Hint: To solve this problem you should know basic trigonometrical and integral formulae. In this problem we are going to use a substitution method to solve it. In the substitution method we substitute the given variable by any other variable to make it simple.
Trigonometric Identities:
1. $\dfrac{1}{{\sec \theta }} = \cos \theta $
2. $1 + {\tan ^2}\theta = {\sec ^2}\theta $

Complete step-by-step solution:
Given function: \[f(x) = \int {\dfrac{{dx}}{{\left[ {{{\left( {1 + {x^2}} \right)}^{\dfrac{3}{2}}}} \right]}}} \] ……………………. (1)
To solve this problem:
As in the given question, the denominator is ${\left( {1 + {x^2}} \right)^{\dfrac{3}{2}}}$ .So in order to simplify the given function,
Let, $x = \tan y$
Differentiating both sides, we get
\[dx = {\sec ^2}ydy\]
Putting $x = \tan y$ and \[dx = {\sec ^2}ydy\] in equation (1),
$f(\tan y) = \int {\dfrac{{{{\sec }^2}ydy}}{{{{\left( {1 + {{\tan }^2}y} \right)}^{\dfrac{3}{2}}}}}} $
Using the trigonometric identity $1 + {\tan ^2}\theta = {\sec ^2}\theta $ ,we get
 $f(\tan y) = \int {\dfrac{{{{\sec }^2}ydy}}{{{{\left( {{{\sec }^2}y} \right)}^{\dfrac{3}{2}}}}}} $
Solving powers in the denominator, we get
$f(\tan y) = \int {\dfrac{{{{\sec }^2}ydy}}{{{{\sec }^3}y}}} $
Dividing numerator and denominator by ${\sec ^2}y$ ,we get
 $f(\tan y) = \int {\dfrac{{dy}}{{\sec y}}} $
Using another trigonometric identity $\dfrac{1}{{\sec \theta }} = \cos \theta $ ,we get
$f(\tan y) = \int {\cos ydy} $
Integrating $\cos y$
$f(\tan y) = \sin y + c$
Now, putting the value of y in above function, we get
$f(x) = \sin \left( {{{\tan }^{ - 1}}x} \right) + c$ …………………… (2)

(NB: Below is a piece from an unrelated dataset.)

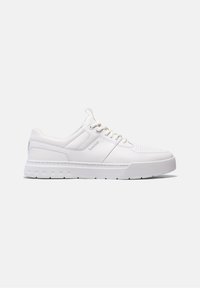 Sneaker bianca con dettagli perforati, tomaia in pelle liscia, lacci piatti e suola in gomma spessa con accentuazioni scanalate.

But it is given in the question that $f\left( 0 \right) = 0$. So
$f(0) = \sin \left( {{{\tan }^{ - 1}}0} \right) + c$
 $0 = \sin 0 + c$
c=0
Putting c=0 in equation (2), we get
$f(x) = \sin \left( {{{\tan }^{ - 1}}x} \right)$
Now, according to the given question we need to find $f\left( 1 \right)$.So putting $f = 1$ in above equation, we get
$f(1) = \sin \left( {{{\tan }^{ - 1}}1} \right)$
Putting value of ${\tan ^{ - 1}}1$, we get
 $f(1)=\sin {45}^{\circ}$
Putting the value of $\sin {45^ \circ }$ ,we get
$f\left( 1 \right) = \dfrac{1}{{\sqrt 2 }}$
Hence from the above calculation, we get
$f\left( 1 \right) = \dfrac{1}{{\sqrt 2 }}$

Note: As we can see from the above solution, we had put $x = \tan y$ in the given integral equation in order to simplify it before integrating.
Alternatively, we can also put $x = \cot y$ in order to simplify it. When we shall put $x = \cot y$ in the given integral equation we will get our integrand in the form of $\cos ecx$.